The main theatre wasn’t the only part of the venue that needed reliable A/V, as the building also houses press conference rooms and a film forum area. ‘Our film forum room is set up with a high-end projection system so we can screen digital films a little bit closer to how they are supposed to be seen – as much as you can outside of a purpose built cinema – and then of course our Cinetech and film library has been running nonstop all week where all of the films that we have in the Dubai film market are up for sale.’
Here he points out 28 touchscreens that are running off of media servers. ‘400 different films are on here and agents and distributors can come in and take a look at the films that are in the festival as well as any that are in the Gulf Film Festival and our “DIFF-selects”. These are the films that didn’t quite make it into the programme that we felt needed an opportunity to be seen in this region.’
Indeed, not limited to blockbusters, DIFF works each year to reinforce its motto of ‘bridging cultures; meeting minds’ by offering a diverse range of films from around the world whilst serving as a showcase event for Arab filmmakers. ‘Hollywood and mainstream dominates the market throughout the other 358 days of the year, so for these few days we like to bring the best of international cinema.’
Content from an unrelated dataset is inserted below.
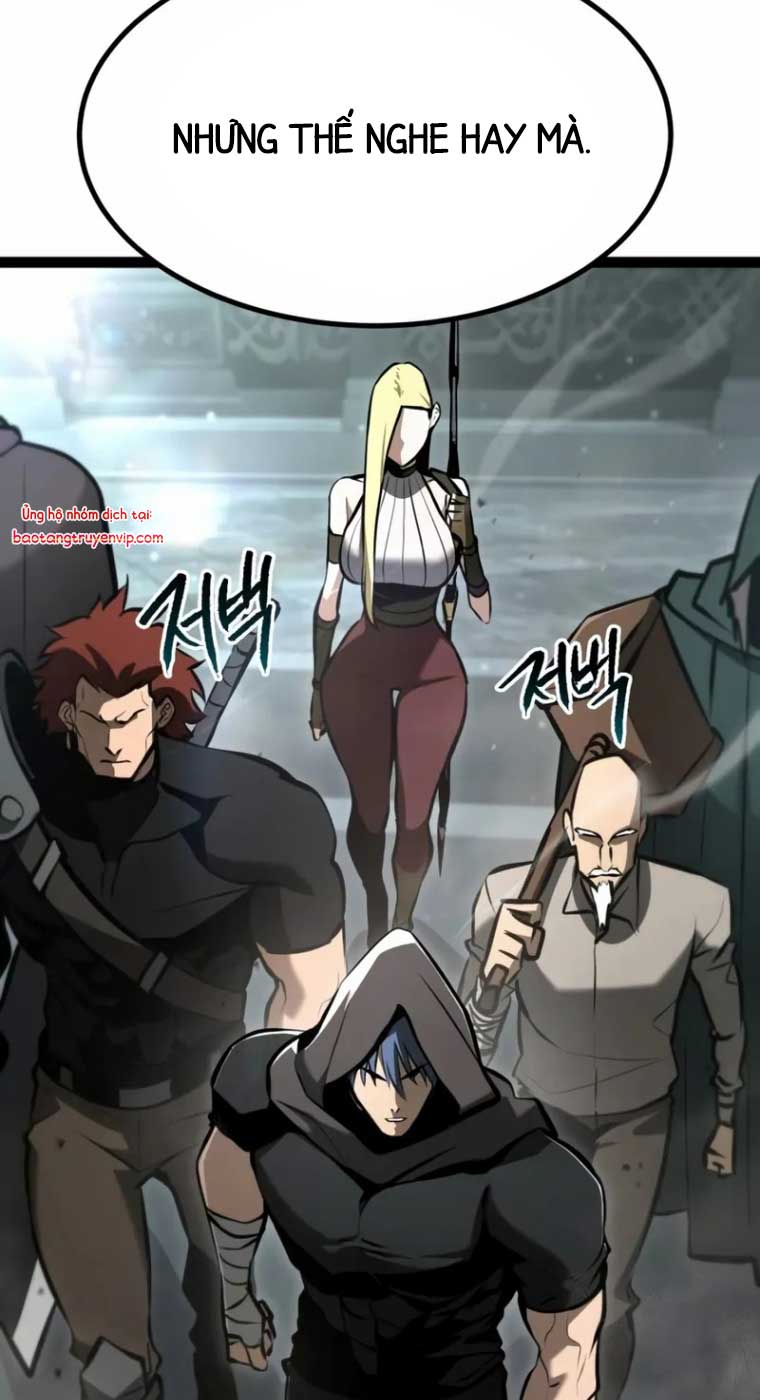 Goblin Cấp 999 chapter 6 - Trang 53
As the oldest film festival in the Gulf region, DIFF has had to adapt to the changing requirements necessary to negotiate the shift to digital, but Mr Butkovich insists that the recent festival ‘wasn’t really a challenge. We prepare for the worst as equipment-wise, we’ve got three of everything – the show must go on! We can’t let a piece of gear stop us from doing what we need to do. We’ve been fortunate this year and we haven’t had any equipment failures. When you use the high-end, you expect to have that up-time and not to be suffering with any issues.’
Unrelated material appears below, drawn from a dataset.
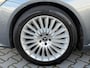 Mercedes-Benz S-klasse 450 Panorama|NL Auto|19 Inch LM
December 2013 will mark DIFF’s 10th edition, and Mr Butkovich is already looking ahead to what that will bring: ‘I’m hoping that you’ll be sitting inside of a Dolby Atmos theatre – if we’ve got the products for it,’ he grins. ‘I’m hoping we’ll have a new sound system and that this venue will look much different than it does.’
Perhaps most importantly for a film festival, Mr Butkovich strives to show a movie the way the director intended. ‘If representatives come in for a tech check and they want to see some tweaking, then we’ll happily do that for them,’ he concludes. ‘At the end of the day, we want it to be the director’s vision up there on screen.’